Terminal UI (OpenTUI)

The TUI requires Bun: It currently runs from a project checkout that includes frontend/.

# Install Bun
curl -fsSL https://bun.sh/install | bash

# Install frontend dependencies
cd frontend && bun install

Configure Provider

# Cloud: Set API key
export DEEPGRAM_API_KEY='your-key'     # From console.deepgram.com

# Or local: Whisper works without API keys after installation

Verify

audio-extraction-analysis --version

Quick Start

# Process a video file
audio-extraction-analysis process meeting.mp4

# Process from URL
audio-extraction-analysis process --url "https://youtube.com/watch?v=..."

# With custom output
audio-extraction-analysis process video.mp4 --output-dir ./results

# Full analysis (5 files)
audio-extraction-analysis process video.mp4 --analysis-style full

CLI Reference

Commands

Command	Description
`process`	Full pipeline: extract → transcribe → analyze
`extract`	Audio extraction only
`transcribe`	Transcription only
`export-markdown`	Export transcript as Markdown
`tui`	Launch interactive terminal UI

Common Options

Option	Values	Description
`--quality`	`speech`, `standard`, `high`, `compressed`	Audio quality preset
`--language`	`en`, `es`, `fr`, `de`, `auto`	Transcription language
`--provider`	`auto`, `deepgram`, `elevenlabs`, `whisper`	Provider selection
`--output-dir`	Path	Output directory
`--analysis-style`	`concise`, `full`	Single file vs 5-file output
`--verbose`	Flag	Detailed logging

Examples

# High-quality transcription
audio-extraction-analysis process interview.mp4 --quality high --language en

# Extract audio only
audio-extraction-analysis extract presentation.mp4 --quality speech

# Transcribe existing audio
audio-extraction-analysis transcribe recording.mp3 --provider whisper

# Batch processing
for video in *.mp4; do
  audio-extraction-analysis process "$video" --output-dir "./results/${video%.*}"
done

Interactive TUI

Launch a guided interface with real-time progress monitoring: Current policy: source-checkout-only (requires project checkout with frontend/).
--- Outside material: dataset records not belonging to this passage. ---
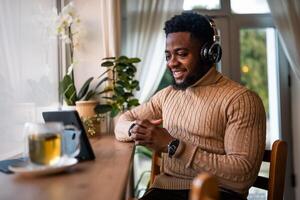 Happy and confident African American man using headphones and digital tablet to work remotely while sitting at table in cafe. photo
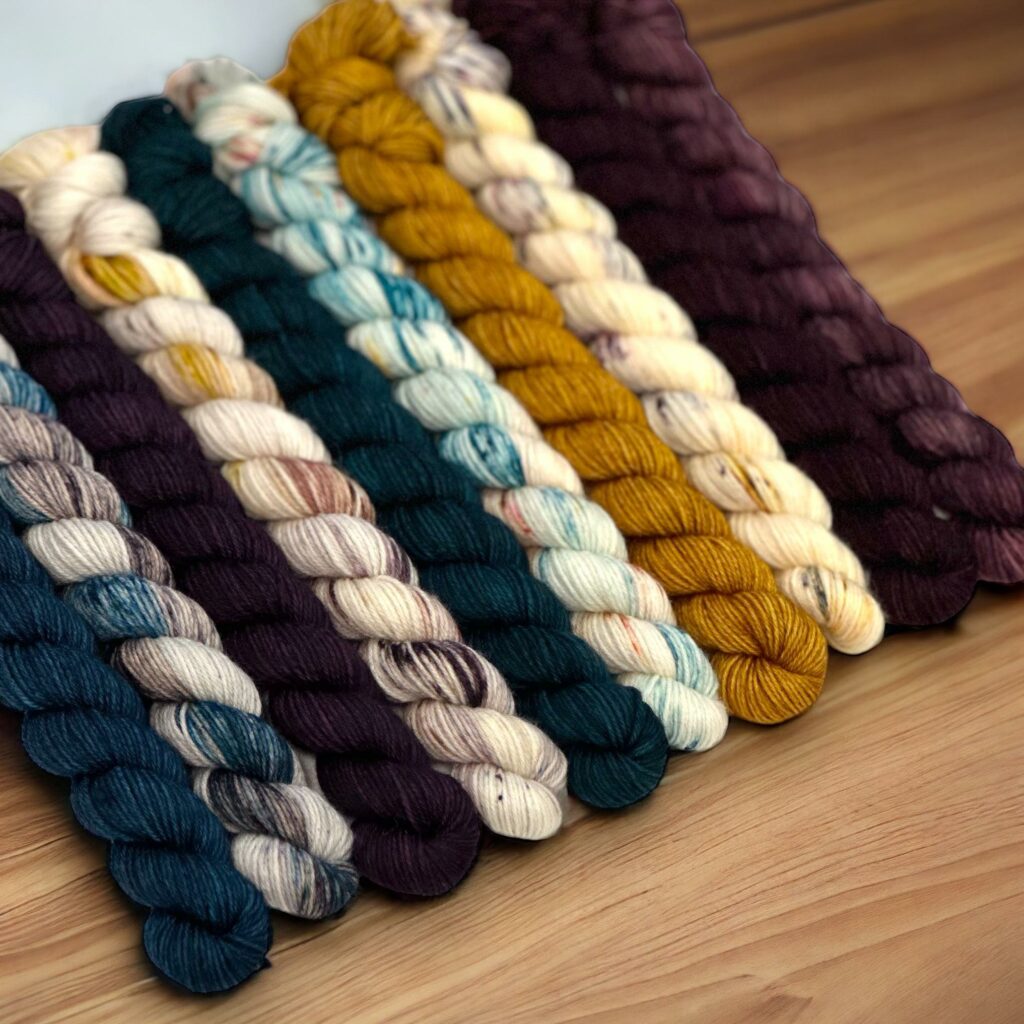 Ten mini hanks of yarn in teal, gold and raspberry brown.
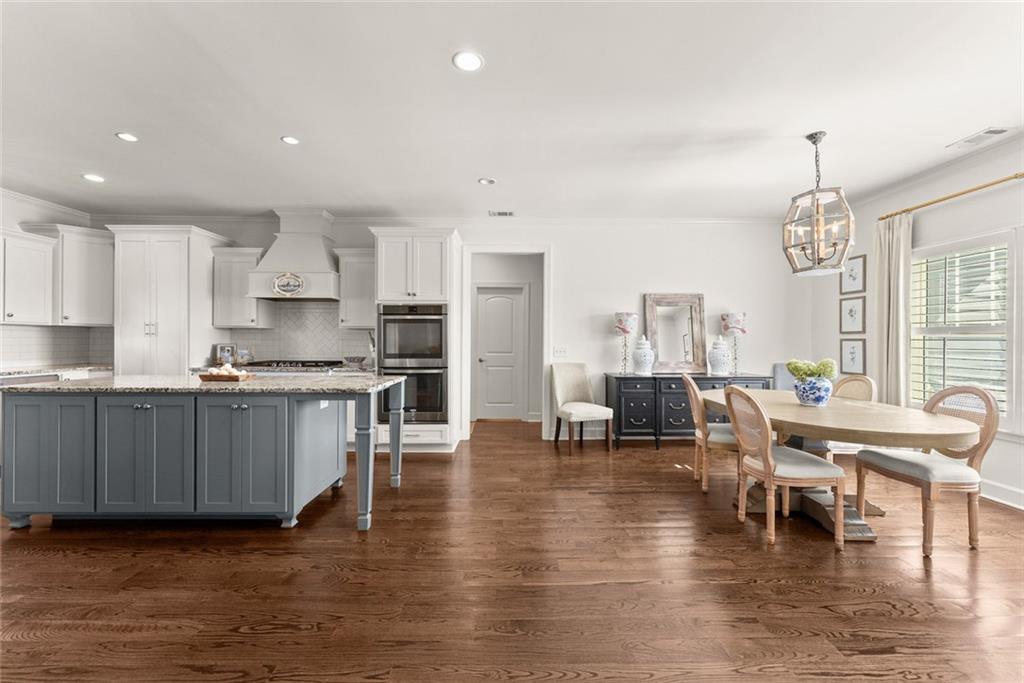 360 Clear View Court Clermont, GA 30527 - Photo 12 of 53 an open kitchen with wooden floor and stainless steel appliances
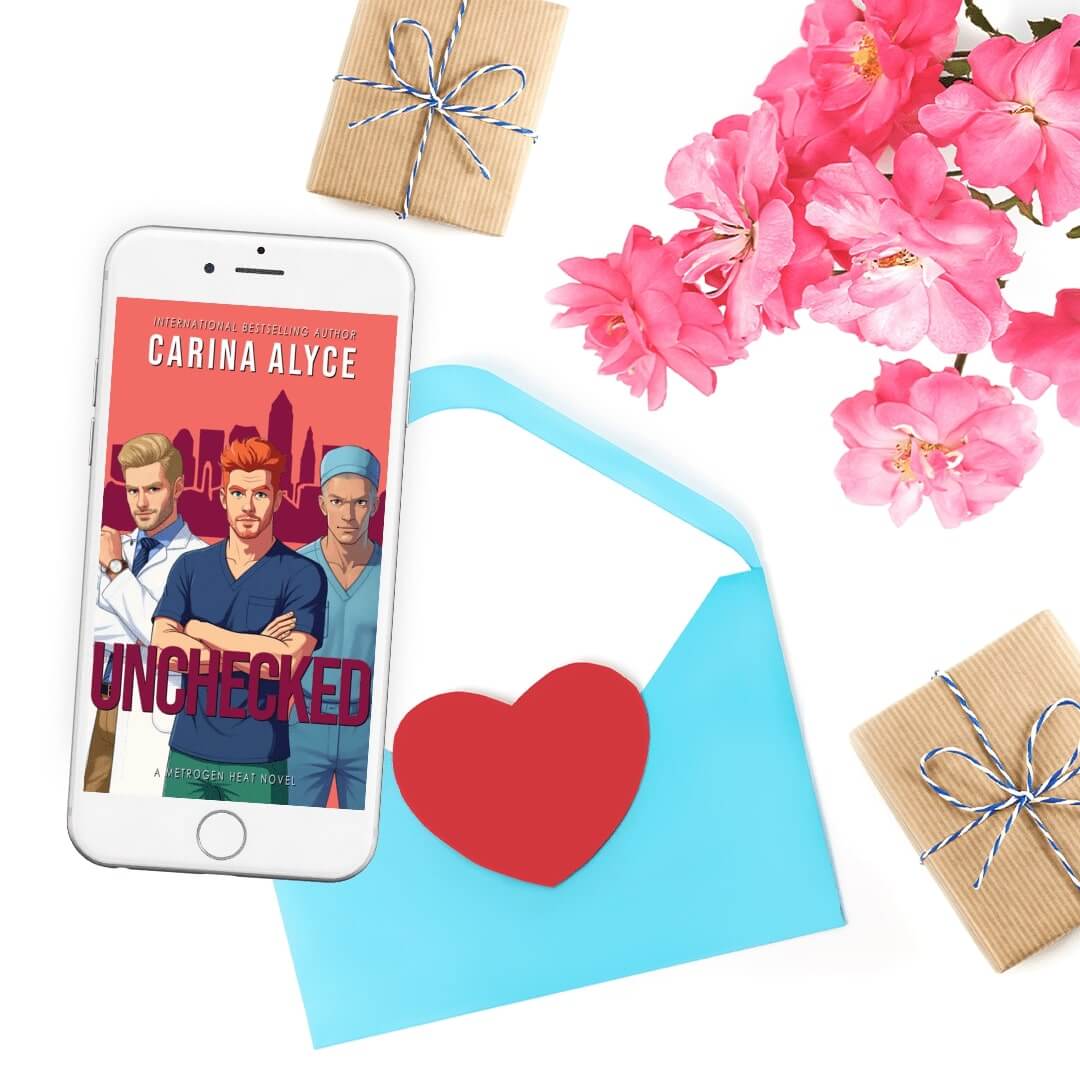 Phone displaying a book cover with flowers and gift boxes on a white background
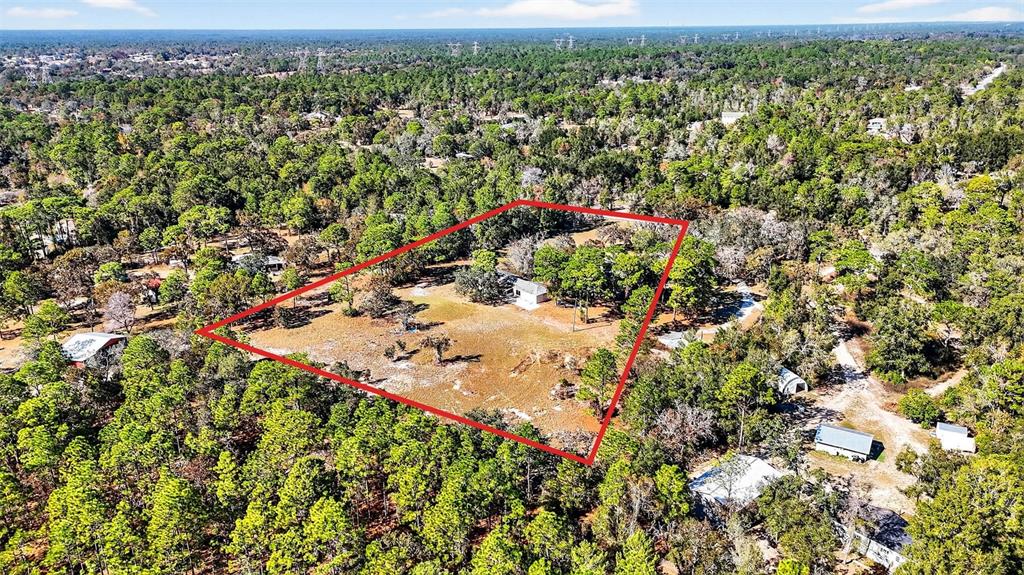 14252 Trinity Road Brooksville, FL 34614 - Photo 24 of 26 an aerial view of a houses with a yard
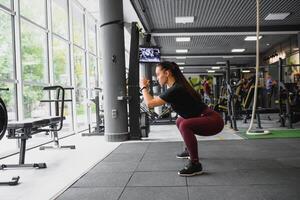 lado ver retrato de un joven mujer haciendo sentadillas a aptitud gimnasia. foto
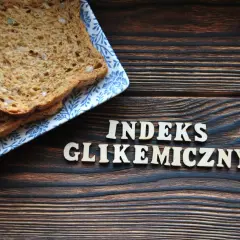 Plasterki chleba pełnoziarnistego na talerzyku z niebieskim wzorem. Obok drewniane litery układają się w napis "INDEKS GLIKEMICZNY".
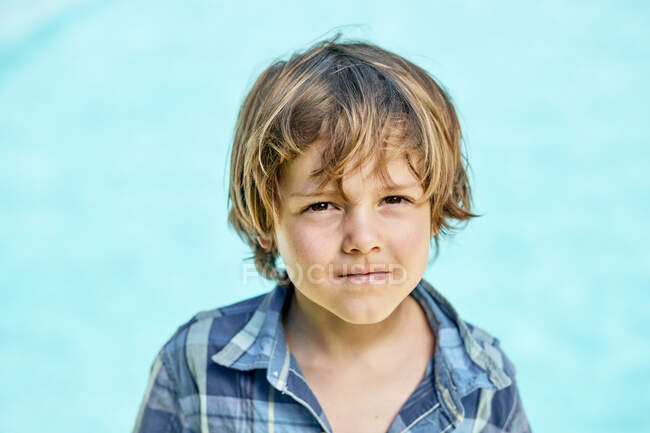 Забавный маленький мальчик с светлыми волосами в клетчатой рубашке, хмурящийся и смотрящий в камеру на синем фоне — стоковое фото
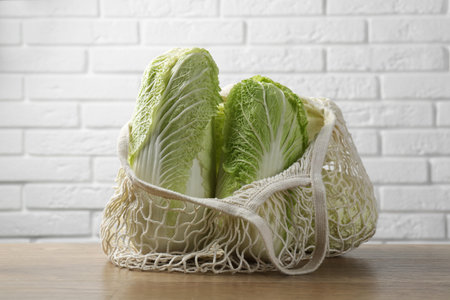 Fresh Chinese cabbages in string bag on wooden table near white brick wallの写真素材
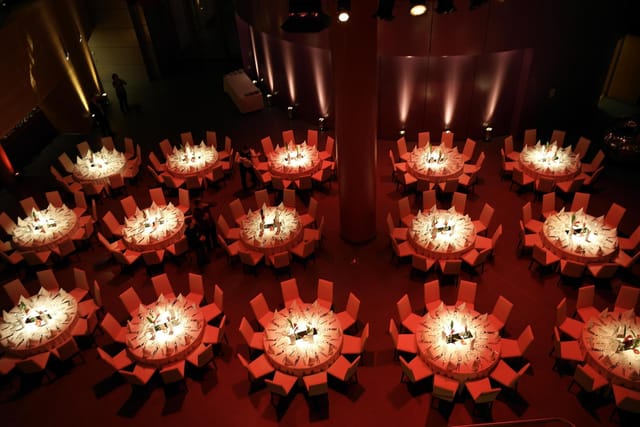 Elegant banquet setup with round tables in ARTrium for formal events and gala dinners.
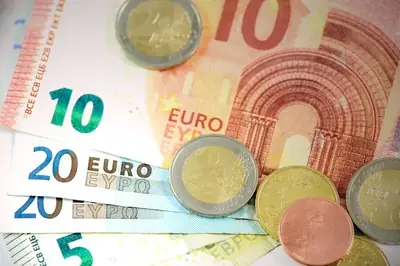 Sedlar och mynt utspridda i en hög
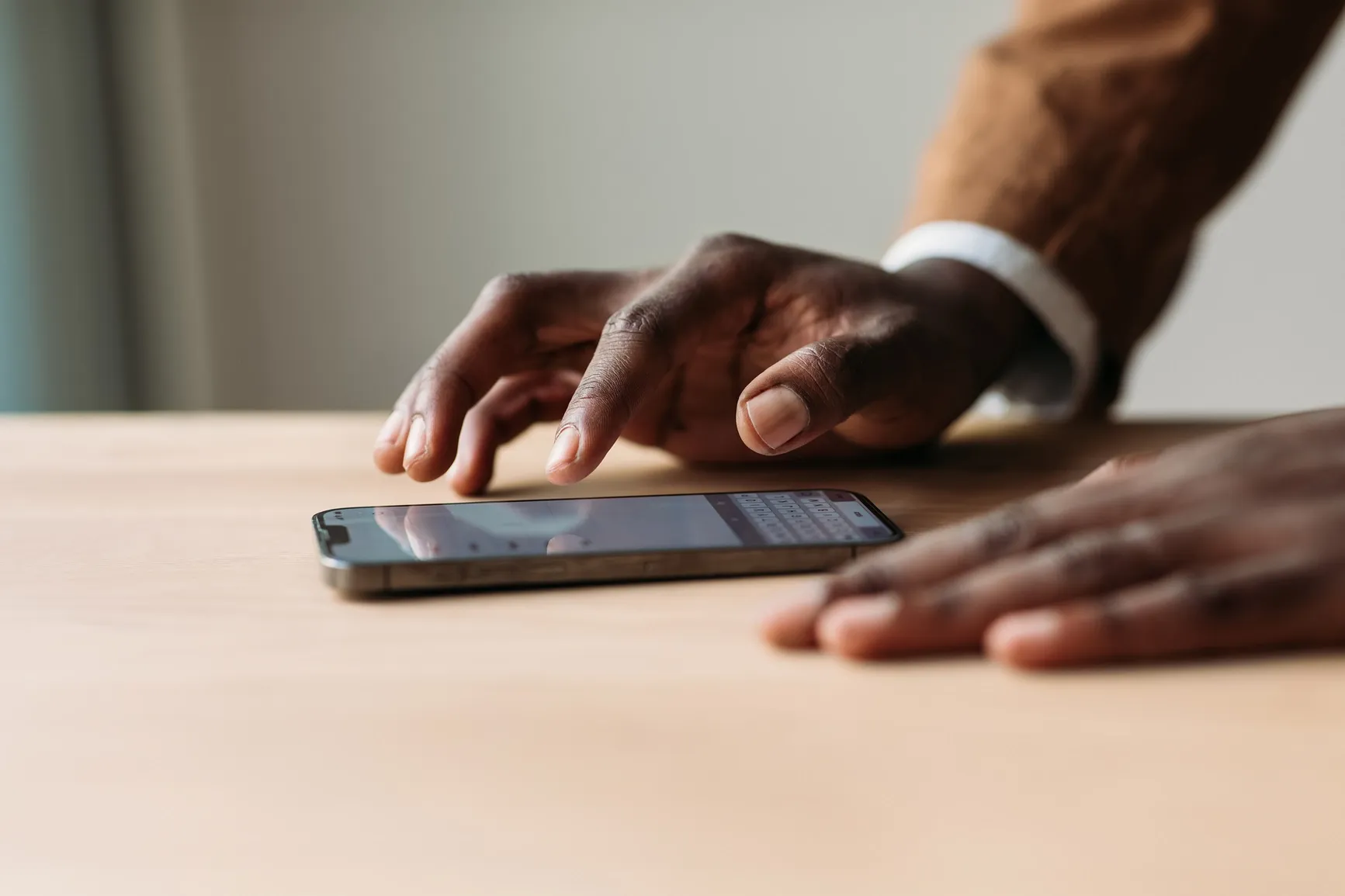Close-up of someone texting on a smartphone at a desk, showing a modern, tech-savvy work vibe at Ratepay.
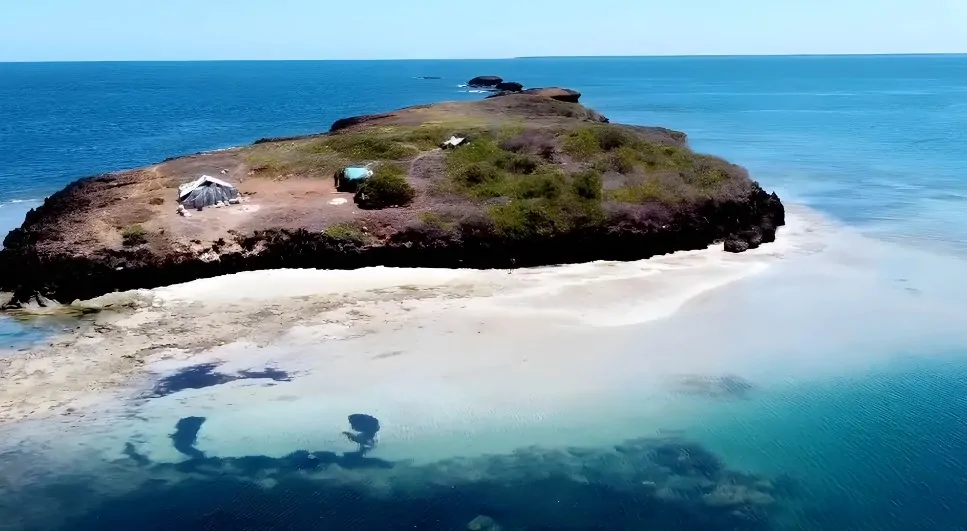 Pristine white sand beach hugs the volcanic rock of a secluded Lamu Archipelago island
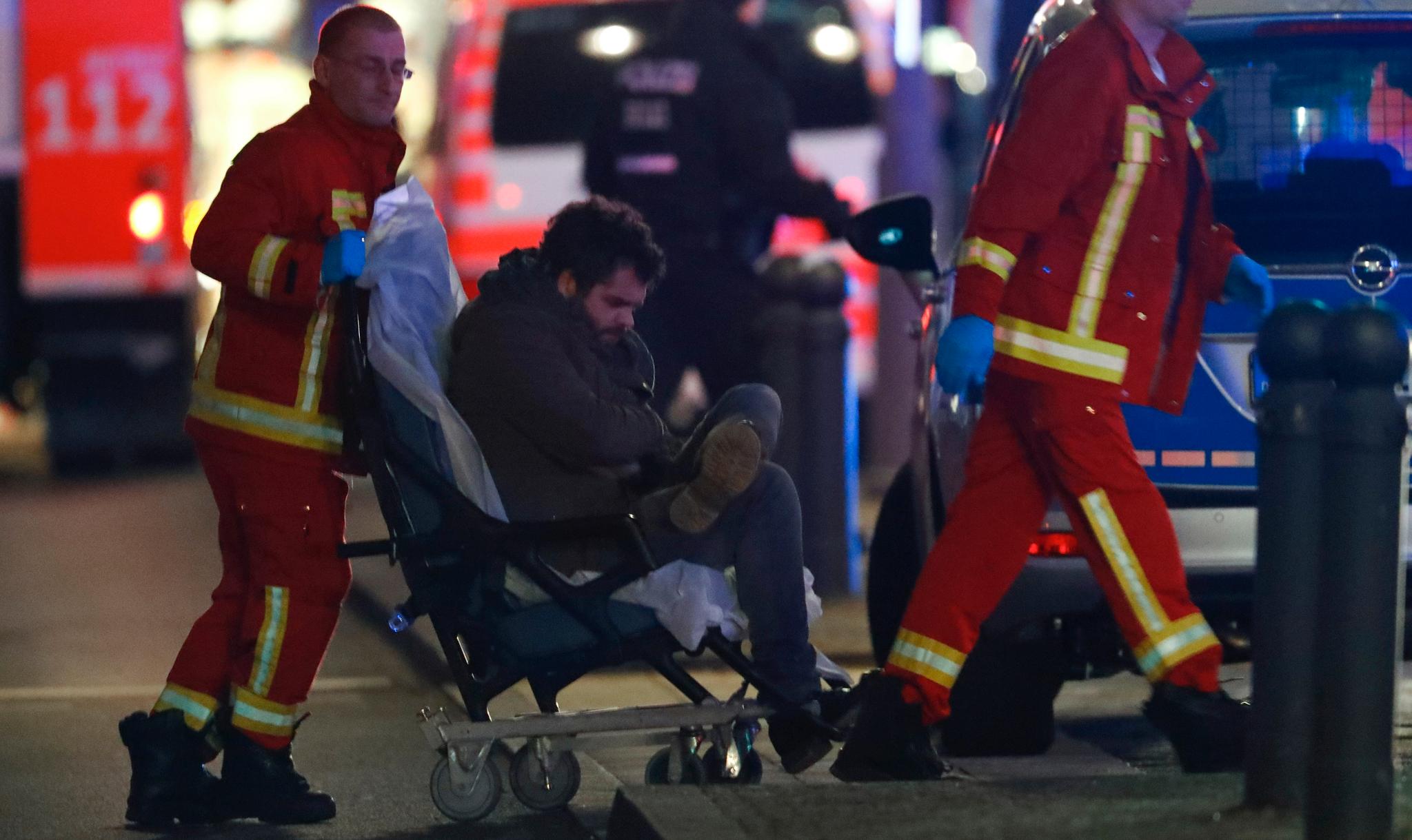 En skadet mann blir hjulpet inn i en ambulanse etter at et vogntog braste inn i folkemengden på Breitscheidplatz.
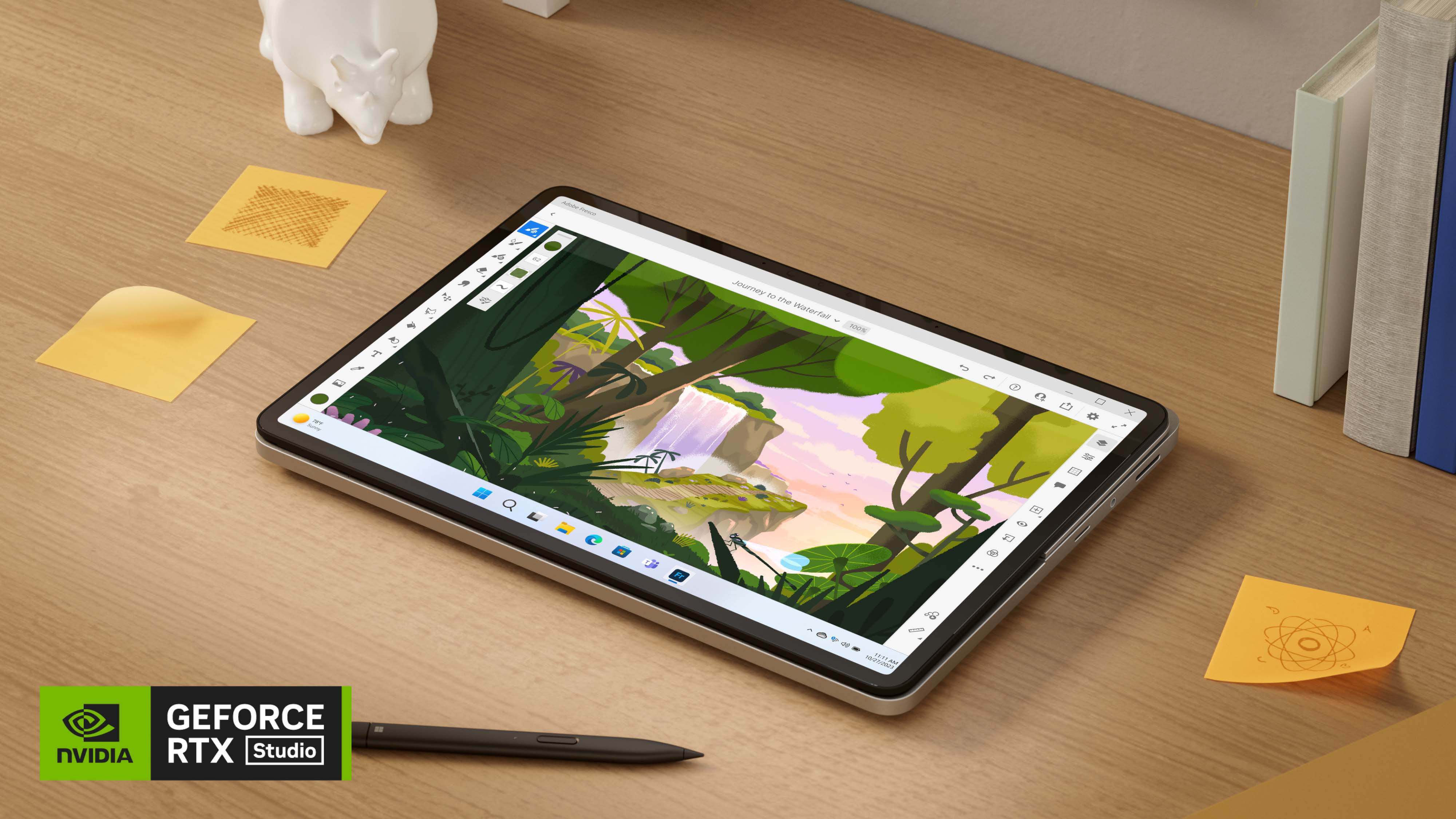 Surface Laptop Studio 2 في الوضع اللوحي على طول قلم Surface Slim Pen وورق الملاحظات اللاصقة على مكتب خشبي.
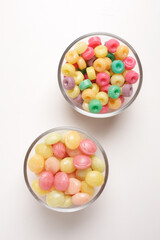 candies in glass bowl on white background shot from above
audio-extraction-analysis tui

Features

Live progress bars with ETAs
Color-coded log streaming
Provider health monitoring
File browser with recent files
Dark/light theme toggle
Auto-saved configuration

Keyboard Shortcuts

Key	Action
`q`	Quit
`d`	Toggle dark mode
`?` / `h`	Help
`c`	Cancel pipeline (run screen)
`o`	Open output folder (when complete)

Output Structure

Concise Mode (default)

./output/
├── meeting.mp3                 # Extracted audio
├── meeting_analysis.md         # Single comprehensive analysis
└── meeting_transcript.txt      # Provider-formatted transcript

Full Mode (`--analysis-style full`)

./output/
├── meeting.mp3
├── 01_executive_summary.md       # High-level overview
├── 02_chapter_overview.md        # Content breakdown by topic
├── 03_key_topics_and_intents.md  # Technical analysis
├── 04_full_transcript_with_timestamps.md
└── 05_key_insights_and_takeaways.md

Configuration

Environment Variables

# Cloud providers
export DEEPGRAM_API_KEY='...'      # console.deepgram.com
export ELEVENLABS_API_KEY='...'    # elevenlabs.io/api

# Local providers (optional)
export WHISPER_MODEL='base'        # tiny, base, small, medium, large
export WHISPER_DEVICE='cuda'       # cuda or cpu

# General
export LOG_LEVEL='INFO'            # DEBUG, INFO, WARNING, ERROR

For detailed provider configuration, see docs/PROVIDERS.md.

Supported Languages

en, es, fr, de, it, pt, auto (auto-detect)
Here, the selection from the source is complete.